The Tea Party-based 1851 Center for Constitutional Law had its ballot measure to repeal a school tax levy removed by the Franklin County Board of Elections last week, but any celebration by those fighting against the 1851 Center should be considered premature.

Not only did the 1851 Center file an appeal in short order, but the Board of Elections provided a level of clarity in the effort to repeal public school funding that previously had not existed in state law.  The Board of Elections provided a ruling with enough details to empower the Center to more effectively and efficiently set their sights on future levy repeal efforts throughout all of Ohio, not just with the strange anti-school funding faction that exists in Westerville.

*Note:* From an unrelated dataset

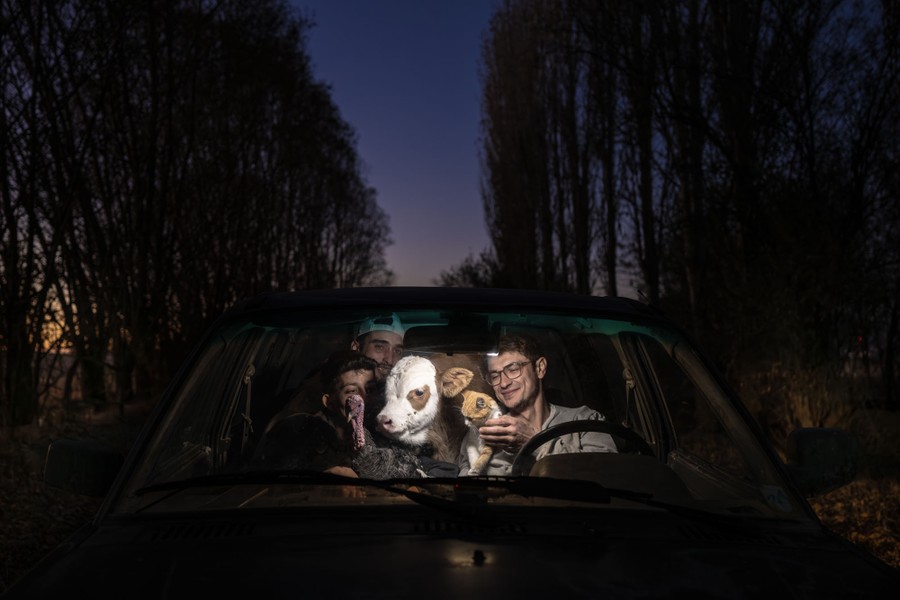Three young men pose in a car at night, holding a turkey, a calf, and a cat.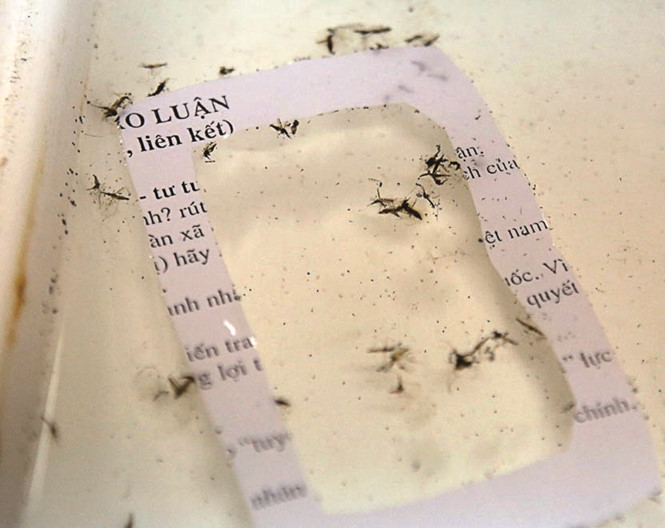 Nuôi muỗi tại Viện Sốt rét - Ký sinh trùng - Côn trùng T.Ư phục vụ công tác phòng chống sốt rét. Nuôi muỗi tại Viện Sốt rét - Ký sinh trùng - Côn trùng T.Ư phục vụ công tác phòng chống sốt rét.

The 1851 Center had been attempting to use an older, untested law to allow residents in the Westerville School District to repeal what they were trying to define as a “tax increase” from a few years ago that was technically a “replacement levy.”  The claim centered around the premise of decreasing effective millage values due to state law that lower the effective collected amounts of school levies over time.  In this manner, the 1851 Center was trying to make the case that the replacement levy, when adopted, is a tax increase because it restores the voted millage back to the original levy amount, resulting in a higher dollar figure collected.  No one had set out to determine whether the law would qualify to be used in this manner until this issue was placed on the ballot, which was accomplished when the 1851 Center and a handful of unknown Westerville beneficiaries underwrote this repeal effort.

And so the Franklin County Board of Elections handed the 1851 Center the perfect roadmap for their future efforts to defund schools.  Though the Board did reject this ballot measure (appeal by 1851 Center is pending), their specific clarification of how the replacement levy targeted in this repeal did not fit the appropriate parameters of the law subsequently provided language that the 1851 Center will utilize to corner other election boards into accepting such language in the future.  Further, the appeal to the Ohio Supreme Court that includes the BOE’s language will force the hand of the justices to make a clear decision about this levy repeal law sooner rather than later, giving the Center an audience with the Court in the next month instead of the next few years (if ever).

Ultimately, this decision by the Board of Elections to remove the issue from the ballot provides invaluable assistance that the 1851 Center couldn’t have ever paid for through conventional means.  And if the measure had been allowed to remain up to the voters and failed the Center would not have been able to obtain such a high degree of legal opinion regarding their future direction.

In the end, Board of Elections member (and Franklin County Republican chair , and top Kasich adviser) Doug Priesse may have revealed an ulterior motive in explaining his vote: “The best way to remove a bad law is to enforce it vigorously.”

The Board’s decision appears to have benefited those wishing to de-fund public education by hastening the legal review process and fine-tuning the 1851 Center’s efforts.

The circumstances surrounding the rejection of this levy repeal issue actually gives us more reason to be concerned about the future of public education funding in Ohio, not less.


  • I don’t get this – what was “perfect roadmap for their future efforts to defund schools” that the BOE gave the T-baggers?

  • I’m not sure this will fly with the Front Street Mob in part because Maurice Thompson’s record in this area isn’t good, and the justices tend to dislike setting up slippery slopes. Of course, there is still the ruling on the books in the DeRolph cases, and we all know how well that went.

  • Per the Dispatch and the ORC: The law permits a repeal of school taxes only if they its an “increased rate of levy.” The 2009 tax was an 11.4-mill issue that replaced levies from the 1970s that totaled 11.4 mills at the time. The 2009 tax asked for no more than the levies it replaced, so it should not be called an increase, and thus, not subject to a ballot repeal.

  • missskeptic

    I saw the petitions used in Westerville – heavily weighted with older (re:fixed income) voters – that’s how they got enough sigs.

  • gregmild

    Sorry I didn’t explain that as concisely as I needed to. The Board, through their first-of-its-kind opinion on this law, provided a benchmark interpretation of the types of levies that would and would not gain their approval through this method of approval. And by setting that language in an official rejection opinion, the 1851 Center now has wording to use in front of the Supreme Court and other Boards of Elections to pin them down on future repeal efforts. That ruling and the accompanying wording to take to the Court is not something that money can buy — they needed the assistance of the Board of Elections to make that happen and the Board delivered it on a silver platter.